Period life expectancy is not useless, of course; it’s a snapshot, and a simple yardstick for measuring the overall health and well-being of a country or a demographic group from one time period to the next. But as we saw in trying to unpack the specific causes of deaths that play into this, period life expectancy is too simple a figure to give us a real understanding of covid impacts or other trends.
Instead, as again, Mary Pat Campbell explains, what’s really much more useful to provide this broader understanding is the mortality rate, which can be unpacked by age group, to see the impact of Covid and other causes of death: for young adults, up through age 35, there was more excess (above-average) mortality due to drug overdoses during the pandemic years, than due to covid; for Gen Xers, as they go from their early 40s to their late 50s, covid shifts from the highest-ranking among multiple causes of excess mortality to the cause which far overshadows all others; and the dominance of Covid in the causes of excess mortality only increases for Boomers and the Silent generation, where Campbell explains discusses the life expectancy improvement factors in the CDC data:
“There are a few possibilities here, given the delta/omicron wave of 2021. First, we have the ‘they would have died of something anyway’ explanation — that explains why someone who would have died of heart disease died of COVID instead in 2021. Remember, total mortality for the age 85+ group was still higher in 2021 than in 2019. It’s just that a bunch of causes of death were also lower than usual, unlike what we saw with other adult age groups.

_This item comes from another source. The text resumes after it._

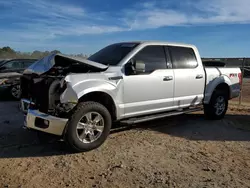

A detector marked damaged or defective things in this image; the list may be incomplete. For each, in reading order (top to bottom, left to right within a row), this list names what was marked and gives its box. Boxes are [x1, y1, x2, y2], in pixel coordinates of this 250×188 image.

“But let’s think of that increase in Alzheimer’s deaths in 2020 — could be the nursing home deaths of 2020, could be due to neglect during lockdowns and other causes. This could be a ‘they died earlier, so they couldn’t die later’ explanation.”
Campbell’s data also provides visualizations of the degree to which mortality rate-improving factors had an effect — turns out the magnitude of these offsetting factors is actually very small, except for in the oldest-old.
Now, this sort of analysis of mortality data is far more enlightening than the data that the CDC provides, and it would be great to see Campbell’s graphs split out by racial/ethnic group to better understand that dramatic headline statistics reported by the Times and elsewhere, but, honestly, Campbell isn’t being paid by anyone to produce this data and it would be nice for the people who are being paid to produce something as helpful as her tables and charts.